Of course, the bailout, the wars, and the tax breaks have ballooned the federal debt. The stimulus package temporarily helped state governments to maintain services. But that only postponed the disaster for them. Using what Naomi Klein has referred to as "the shock doctrine," the accumulating classes have decided to destroy public unions, which make up an important and organized base of the Democratic Party. Given that privately employed workers have faced stagnating wages, declines in benefits, and the shouldering of their own retirement systems, the talking heads at Fox News, the official voice of the Republican Party, have attempted to capitalize on their misery by vilifying public employees as fat cats with high wages, generous benefits, and obscene retirement programs that are bleeding state governments dry.

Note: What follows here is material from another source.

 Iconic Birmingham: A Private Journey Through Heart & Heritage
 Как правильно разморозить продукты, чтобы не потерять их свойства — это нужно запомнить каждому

Especially in the Midwest, Tea Party Republicans have decided that the fiscal crisis of the state is a glorious opportunity to defang public unions. If they could reduce union workers in the private sector by half over 30 years, then why can't they take on public unions as well? If public employee unions are destroyed, states can run lower budgets. Taxes, which are the second most powerful claim on the surplus, will remain low. This will allow more capital to flow into the coffers of an already bloated accumulating class.
With the globalization of capital and the rise of the multinational corporation, the accumulating class no longer needs an expanding American middle class, which after all, is not materially productive. It consumes on the job and in the private sphere. What does a teacher produce? A cop? A fireman? Public employees are paid out of the accumulated surplus. Although the American middle-class exists at the material level of social reproduction as surplus absorbers – that is, as excuses for capital to produce more goods and services in the search for profit, there is no reason why they can't get surplus absorbers that are cheaper in places like India and China. The American middle class is now viewed as an impediment to the accumulation process by the accumulating class. Therefore, they have every incentive to disinvest in the main mechanism by which upward mobility into the middle class is achieved – education.
Increasing sections of America look like a postindustrial nightmare. The great industrial cities of the Midwest are hollow shells of themselves, with blocks of abandoned buildings, empty factories with broken windows, and sad, shrunken communities that consist of people who could not or would not move out: Flint, Detroit, Cleveland, Buffalo, Rochester. I'm sure you could add your own to the list. If capital abandons the American middle class, will urban rot invade the surrounding suburbs as middle-class Americans are squeezed with declining work conditions, lower salaries, and smaller pensions?